We have established procedures for stockholders or other interested parties to communicate directly with our board of directors. Such parties can contact the board by mail at: Chairperson of the Cole Credit Property Trust II, Inc. Audit Committee, c/o Corporate Secretary, 2575 East Camelback Road, Suite 500, Phoenix, Arizona 85016.
 
The chairperson of the audit committee will receive all communications made by this means.
 
Board Leadership Structure; Independent Lead Director
 
Christopher H. Cole serves as both our Chairman of the Board and Chief Executive Officer. The board of directors believes that independent oversight of management is an important component of an effective board of directors. The independent board of directors’ members have determined that the most effective board of directors’ leadership structure for the Company at the present time is for the Chief Executive Officer to also serve as Chairman of the board of directors. The independent board members believe that because the Chief Executive Officer is ultimately responsible for the day-to-day operation of the Company and for executing the Company’s strategy, and because the performance of the Company is an integral part of board deliberations, the Chief Executive Officer is the director best qualified to act as Chairman of the board.
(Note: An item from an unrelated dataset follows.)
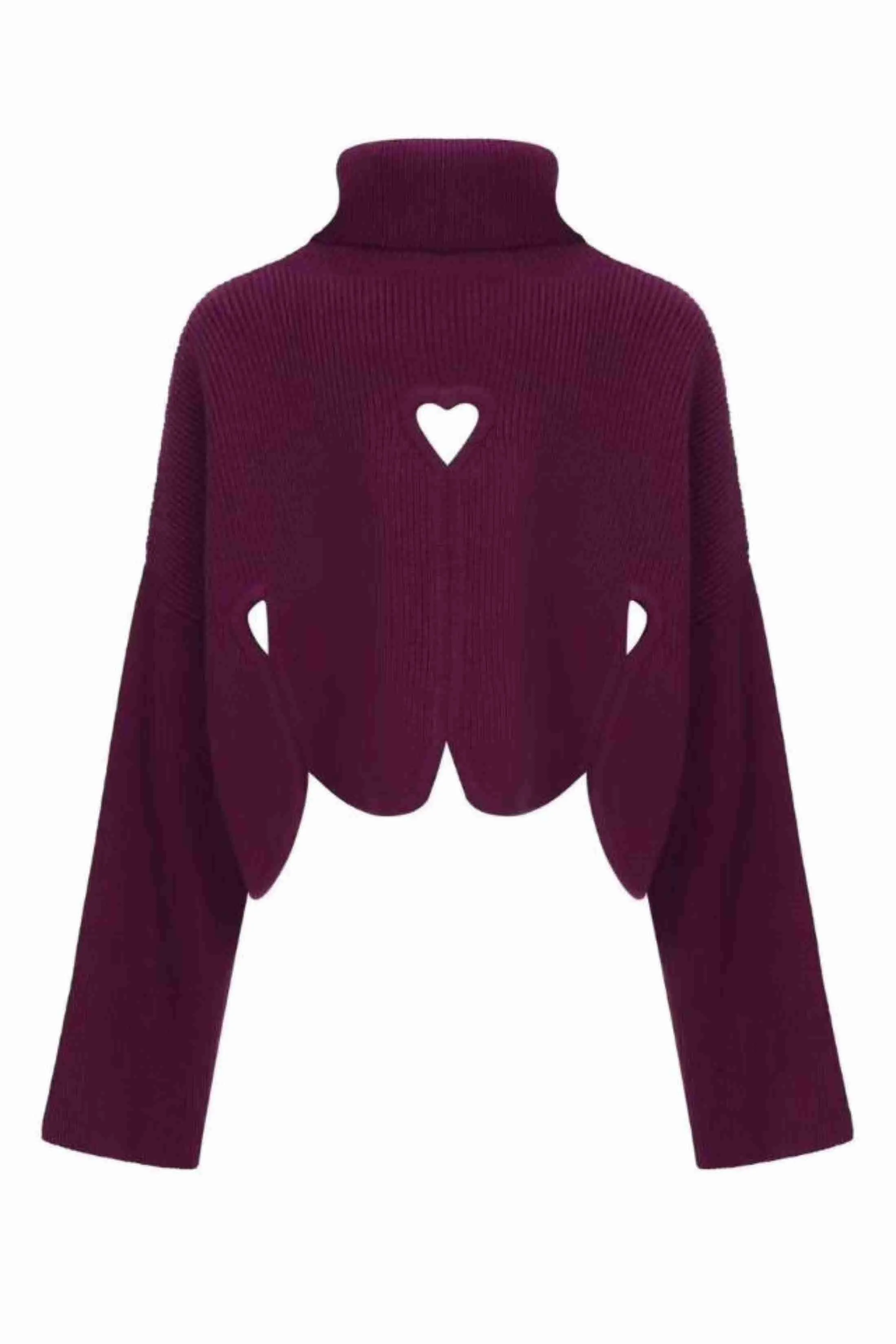Pure cashmere sweater with heart cut-outs – burgundy sold by Pheme Paris product image thumbnail 3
The board of directors retains the authority to modify this structure to best address the Company’s unique circumstances, and so advance the best interests of all stockholders, as and when appropriate. In addition, although we do not have a lead independent director, the board of directors believes that the current structure is appropriate, as the Company has no employees and is externally managed by our advisor, whereby all operations are conducted by our advisor or its affiliates.
 
The board of directors also believes, for the reasons set forth below, that its existing corporate governance practices achieve independent oversight or management accountability, which is the goal that many seek to achieve by separating the roles. Our governance practices provide for strong independent leadership, independent discussion among directors and for independent evaluation of, and communication with, our executive officers and officers and key personnel of our external advisor. Some of the relevant processes and other corporate governance practices include:
 
  •     A majority of our directors are independent directors. Each director is an equal participant in decisions made by the full board of directors. In addition, all matters that relate to our sponsor, our advisor or any of their affiliates, must be approved by a majority of the independent directors. The Audit Committee is comprised entirely of independent directors.
 
  •     Each of our directors is elected annually by our stockholders.
 
  •     Our external advisor has a one-year contract, with an annual review by, and renewal subject to, the approval of our board of directors. The fees paid to our advisor must be deemed reasonable, as determined by our independent directors, on an annual basis.
 
The Board’s Role in Risk Oversight
 
The board of directors oversees our stockholders’ and other stakeholders’ interest in the long-term health and the overall success of the Company and its financial strength.
 
The full board of directors is actively involved in overseeing risk management for the Company. It does so, in part, through its approval of all property acquisitions and all assumptions of debt, as well as its oversight of the Company’s executive officers and the control it has over our advisor. In particular, the board of directors may determine at any time to terminate the advisor, and must evaluate the performance of the Advisor, and re-authorize the Advisory Agreement, on an annual basis.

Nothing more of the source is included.